Bacall did not make another film until Shock Treatment (1964), a murder mystery set in a mental institution. She followed up with a light comedy, Sex and the Single Girl (1964), which also starred Henry Fonda, Tony Curtis and Natalie Wood.
Bacall had a supporting role in the noir private eye thriller Harper (1966) with Paul Newman, played in the star-studded ensemble Murder on the Orient Express (1974), based on the Agatha Christie play, and co-starred with John Wayne in his final film, The Shootist (1976).
In 1981, she starred in The Fan, a riveting story about an actress being stalked by an obsessed fan (Michael Biehn), but spent the major part of the decade back on Broadway, winning the Tony in 1981 for Woman of the Year. She also starred on Broadway in Cactus Flower and Goodbye Charlie while venturing to London and Australia for Sweet Bird of Youth.
Film historians ascribe her relative lack of movie credits during this period as one of the unfortunate results of the demise of the studio system, an enterprise that for all its faults turned out strong female stars.

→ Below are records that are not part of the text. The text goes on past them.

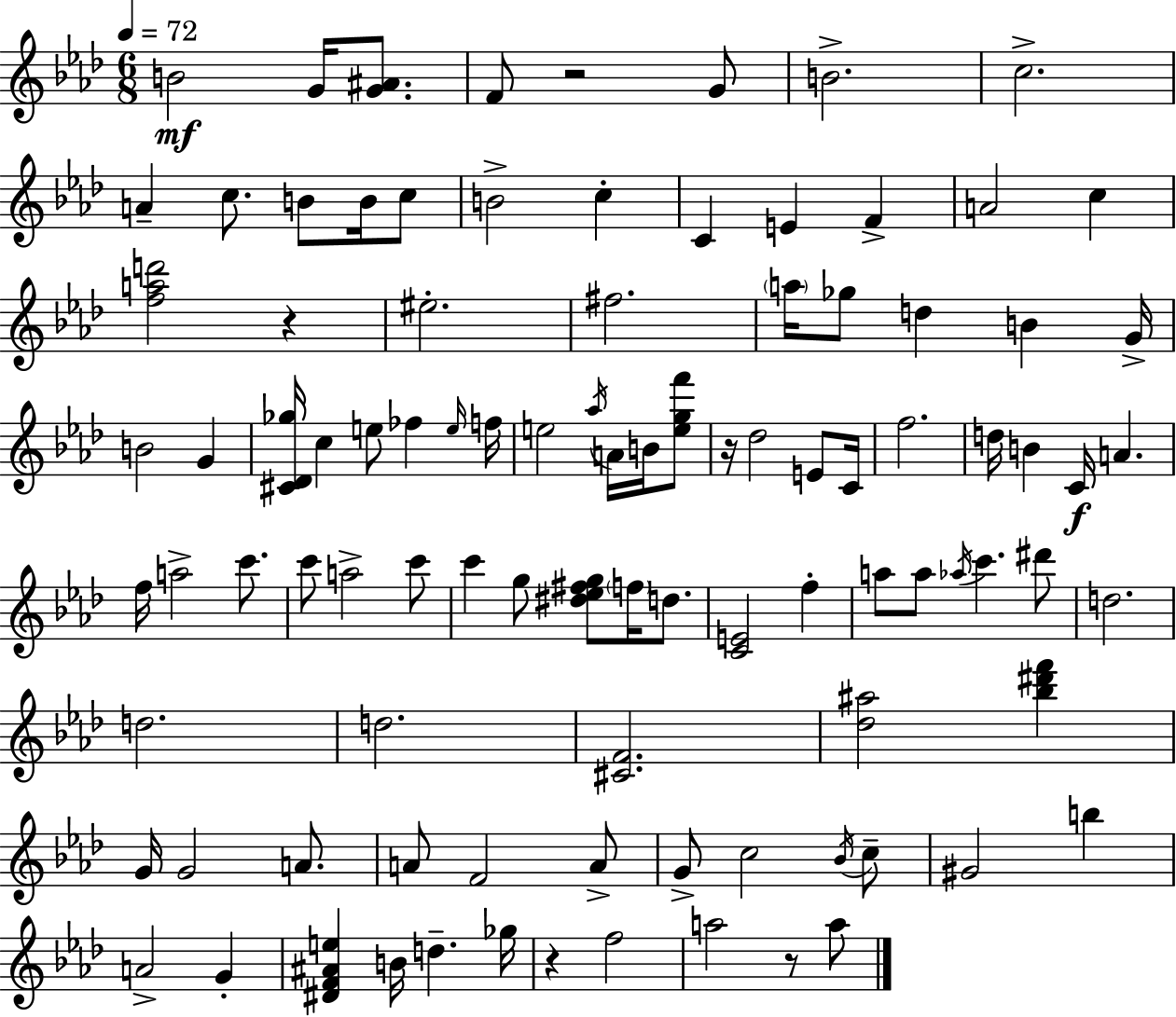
{
  \clef treble
  \numericTimeSignature
  \time 6/8
  \key f \minor
  \tempo 4 = 72
  \repeat volta 2 { b'2\mf g'16 <g' ais'>8. | f'8 r2 g'8 | b'2.-> | c''2.-> | \break a'4-- c''8. b'8 b'16 c''8 | b'2-> c''4-. | c'4 e'4 f'4-> | a'2 c''4 | \break <f'' a'' d'''>2 r4 | eis''2.-. | fis''2. | \parenthesize a''16 ges''8 d''4 b'4 g'16-> | \break b'2 g'4 | <cis' des' ges''>16 c''4 e''8 fes''4 \grace { e''16 } | f''16 e''2 \acciaccatura { aes''16 } a'16 b'16 | <e'' g'' f'''>8 r16 des''2 e'8 | \break c'16 f''2. | d''16 b'4 c'16\f a'4. | f''16 a''2-> c'''8. | c'''8 a''2-> | \break c'''8 c'''4 g''8 <dis'' ees'' fis'' g''>8 \parenthesize f''16 d''8. | <c' e'>2 f''4-. | a''8 a''8 \acciaccatura { aes''16 } c'''4. | dis'''8 d''2. | \break d''2. | d''2. | <cis' f'>2. | <des'' ais''>2 <bes'' dis''' f'''>4 | \break g'16 g'2 | a'8. a'8 f'2 | a'8-> g'8-> c''2 | \acciaccatura { bes'16 } c''8-- gis'2 | \break b''4 a'2-> | g'4-. <dis' f' ais' e''>4 b'16 d''4.-- | ges''16 r4 f''2 | a''2 | \break r8 a''8 } \bar "|."
}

Admitting that scripts were not “exactly piling up at my door,” she nevertheless returned to the screen with Mr. North (1988) and then Rob Reiner’s Misery (1990), the Stephen King adaptation starring Kathy Bates.
Later, she performed in several made-for-TV movies, in Robert Altman’s farce Pret-a-Porter (1994) and with Jack Lemmon and James Garner in the comedy romp My Fellow Americans (1996).
Altman talked about her longevity in a 1997 interview. “She never got locked in any time warp,” he said. “Think about how many social and attitudinal changes that have occurred, and yet Bacall as always remained unique.”
Most recently, Bacall appeared in the French film Le Jour et la Nuit (1997); in Diamonds with Kirk Douglas and in Presence of Mind with Harvey Keitel, both released in 1999; in the TV miniseries Too Rich: The Secret Life of Doris Duke (1998) as the billionaire tobacco heiress; in Dogville (2003) with Nicole Kidman; and in The Forger (2012).
In a 2006 episode of The Sopranos, Bacall played herself getting accosted by a mugger who tried to swipe her swag bag as she left an awards show.